Frédéric, en revanche, attaque l’adaptation d’un roman noir contemporain, né de la plume de son confrère James Hadley Chase, La chair de l’orchidée. Le directeur de la Série Noire où a paru le livre, a donné son autorisation et permis ainsi à Dard d’entrer en contact avec Chase. Son travail achevé, il le lui transmet et reçoit, le 4 mars 1955, une lettre à en-tête du domicile anglais de l’écrivain déjà très sollicité par le cinéma et le théâtre.
« J’ai lu votre script de La chair de l’orchidée avec un grand intérêt et je pense que vous avec brillamment tiré parti de son intrigue pour la scène. Vous avez bien fait d’évacuer un certain nombre de personnages mineurs — ils vous auraient embarrassé et nui à la gradation dramatique dans l’horreur que vous avez su ménager. Je vous adresse toutes mes félicitations pour vous être aussi bien tiré d’un travail difficile. Je ne pense pas pouvoir assister à la première de la pièce car je vais être très occupé au cours des deux mois à venir. Mais je ferai en sorte de venir assister à l’une des représentations et j’aurai ainsi la possibilité de vous féliciter de vive voix… »
Ainsi sera fait. La chair de l’orchidée, mis en scène par Robert Hossein, est présenté au public parisien le 2 avril 1955 avec, dans les rôles principaux de cette suite à Pas d’orchidées pour Miss Blandish, Cécile Aubry et Pierre Vaneck. Le cocktail à base d’amour vache, de violence et de pessimisme est réussi. Comme promis, l’écrivain anglais fait le voyage jusqu’à Paris. Frédéric est impressionné par le physique de gentleman et les manières policées de Chase, visiblement très flatté d’être « joué » sur une scène française. Il est vrai que si ses romans ne rencontrent outre-Manche qu’un succès populaire, Hadley Chase est salué en France par une critique enthousiaste comme un disciple de Dostoïevski et de Céline !

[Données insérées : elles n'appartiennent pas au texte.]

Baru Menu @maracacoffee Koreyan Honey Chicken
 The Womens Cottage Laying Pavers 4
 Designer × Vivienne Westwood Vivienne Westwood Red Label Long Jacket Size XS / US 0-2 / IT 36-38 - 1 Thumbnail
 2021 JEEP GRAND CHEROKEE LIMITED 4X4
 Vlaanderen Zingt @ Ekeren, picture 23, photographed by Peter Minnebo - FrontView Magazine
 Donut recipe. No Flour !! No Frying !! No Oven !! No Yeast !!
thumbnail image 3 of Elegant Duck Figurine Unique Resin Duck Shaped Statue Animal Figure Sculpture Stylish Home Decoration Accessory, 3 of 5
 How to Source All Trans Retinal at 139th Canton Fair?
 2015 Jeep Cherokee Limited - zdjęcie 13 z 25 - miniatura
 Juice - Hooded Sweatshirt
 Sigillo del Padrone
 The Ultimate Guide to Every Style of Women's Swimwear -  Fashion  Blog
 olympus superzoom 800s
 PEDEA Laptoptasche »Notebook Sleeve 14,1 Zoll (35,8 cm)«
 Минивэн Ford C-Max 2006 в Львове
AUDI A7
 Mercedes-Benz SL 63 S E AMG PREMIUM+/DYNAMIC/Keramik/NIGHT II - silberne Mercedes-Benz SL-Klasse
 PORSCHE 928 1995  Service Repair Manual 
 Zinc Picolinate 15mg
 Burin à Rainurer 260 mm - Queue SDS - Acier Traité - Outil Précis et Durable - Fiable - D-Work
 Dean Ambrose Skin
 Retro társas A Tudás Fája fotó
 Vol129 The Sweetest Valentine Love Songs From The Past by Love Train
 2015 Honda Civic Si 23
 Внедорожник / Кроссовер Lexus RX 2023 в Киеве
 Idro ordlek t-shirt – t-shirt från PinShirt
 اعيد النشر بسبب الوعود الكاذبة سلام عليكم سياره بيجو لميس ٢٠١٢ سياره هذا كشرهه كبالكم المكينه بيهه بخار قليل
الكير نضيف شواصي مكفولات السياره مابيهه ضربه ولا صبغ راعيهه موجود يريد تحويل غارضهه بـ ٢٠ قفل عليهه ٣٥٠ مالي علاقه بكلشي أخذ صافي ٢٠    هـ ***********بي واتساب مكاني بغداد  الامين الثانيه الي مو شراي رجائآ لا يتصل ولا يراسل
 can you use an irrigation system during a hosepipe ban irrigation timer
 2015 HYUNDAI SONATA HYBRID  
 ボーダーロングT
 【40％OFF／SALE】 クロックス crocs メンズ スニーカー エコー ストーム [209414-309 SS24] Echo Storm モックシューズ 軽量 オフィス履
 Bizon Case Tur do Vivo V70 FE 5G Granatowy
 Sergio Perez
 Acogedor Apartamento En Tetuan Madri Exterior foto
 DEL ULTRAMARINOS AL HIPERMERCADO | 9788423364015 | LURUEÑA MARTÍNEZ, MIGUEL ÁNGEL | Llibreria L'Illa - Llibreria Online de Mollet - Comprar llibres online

Armand de Caro, vivement intéressé par la rencontre de ce best-seller et de son poulain, les fait poser pour les photographes puis organise un dîner chez lui. Malheureusement, Chase, qui lit parfaitement le français, ne le parle pas et Frédéric est incapable de s’exprimer dans la langue de Shakespeare. Ils sympathisent tout de même par le truchement de Mrs. Chase qui parle notre langue, et décident de se revoir. Cette brève rencontre aura sur le moral de Dard un effet salutaire, estompant un peu ce sentiment qu’il a, depuis quelque temps, d’être un paria de la littérature.
Il admire aussi beaucoup un nouveau venu dans la Série Noire, Albert Simonin, qui a connu un beau succès d’estime avec son roman Touchez pas au grisbi, paru en 1953. Simonin vient de publier Le cave se rebiffe, qui séduit l’auteur des San-Antonio au point de l’inciter à entrer en contact avec Simonin pour lui proposer d’en écrire la version théâtrale. Marcel Duhamel facilite une fois encore les choses et Simonin, « avec sa frime joviale de patron de bar rusé, son gilet de laine, ses cheveux gris rejetés en arrière » (comme l’écrira Frédéric Dard seize ans plus tard dans une préface à la réédition de trois romans de son auteur fétiche), l’accueille chaleureusement. Ils travailleront des semaines durant à l’adaptation du Cave, sous le regard attentif d’Hélène, l’épouse de Simonin, mais l’aventure en reste là. Pour d’obscures raisons, la pièce ne sera pas montée.